The accusation was made by Lawrence Buterman, a lawyer representing the Department of Justice during the opening arguments of a case which begun in New York on Monday before US District Judge Denise Cote.
However Apple's lawyers countered by saying the case was "bizarre" and the government's story was a "fiction" with a lot of the evidence which will be presented, such as emails from now-deceased CEO Steve Jobs, taken out of context.
This week's trial, which is expected to last three weeks, comes one year after the Department of Justice initially sued Apple and five of the largest publishing houses in the US (Penguin, HarperCollins, Simon & Schuster, Hachette and MacMillan), accusing them of working together illegally to increase ebook prices and undo Amazon market control.
Apple however is going to trial alone as all five publishers settled with the US government over the past 12 months, agreeing to eliminate prohibitions on wholesale discounts and to pay a collective $164 million (£107m) to benefit consumers.
"Going to fight"
Last week Apple CEO Tim Cook said Apple was not going to back down, as it believed it had done nothing wrong: "We're not going to sign something that says we did something we didn't do. And so we're going to fight."
The US government is not seeking damages from Apple in the case but is looking to block Apple from engaging in similar conduct - however there is a another pending case being brought by 33 state attorneys general, who would seek civil penalties on behalf of consumers.
Apple was dealt a blow in its hopes for a victory in court when Judge Cote gave a tentative ruling based on the hundreds of documents submitted in pre-trial, saying: "I believe that the government will be able to show at trial direct evidence that Apple knowingly participated in and facilitated a conspiracy to raise prices of ebooks, and that the circumstantial evidence in this case, including the terms of the agreements, will confirm this."
When Apple's lawyer Orin Snyder raised concerns on Monday about this "tentative ruling", the Judge said she had been asked for the ruling by both Apple and the Department of Justice and that "the deck is not stacked against Apple unless the evidence stacks against Apple."
The case will examine what happened around 2009/2010 just before Apple launched the original iPad and when Amazon had a strangle hold on the ebook market. The case revolves around what is called the agency model, which saw Apple allow publishers to set their own price for ebooks which it would sell through its iBooks store, with Apple taking a flat 30% cut of any sales.
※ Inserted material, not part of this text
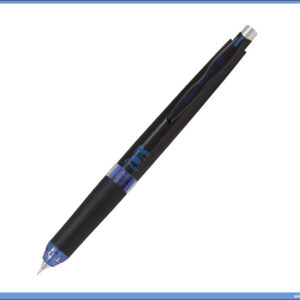 Olovka tehnička šejkerica THE SHAKER 0.5mm PLAVA, Pilot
This was in response to Amazon who at the time in held a 90% share of the ebook market and according to the publishers were driving down the price of ebooks.
Amazon had considered using the agency model but instead opted to buy ebooks wholesale and then discount them, often selling them at a loss.
Apple acted as a facilitator for the publishers, enabling them to reach agreements that would move their industry to an agency model, in which publishers set the price and Apple took a fixed 30% cut, Buterman said.
Buterman cited former Apple chief executive officer Steve Jobs, who died in 2011, telling his biographer that, "we told the publishers, 'We'll go to the agency model, where you set the price, and we get our 30%, and yes, the customer pays a little more, but that's what you want anyway.'"
Buterman said, "Overall, average prices of e-books went up, costing consumers millions of dollars."
Snyder countered this by claiming: "Agency is good and beneficial to consumers and markets."
Moreover, Snyder said data showed that in the wake of Apple's entry into the market, average ebook prices fell instead of increasing. In court papers, Apple said prices fell from $7.97 to $7.34.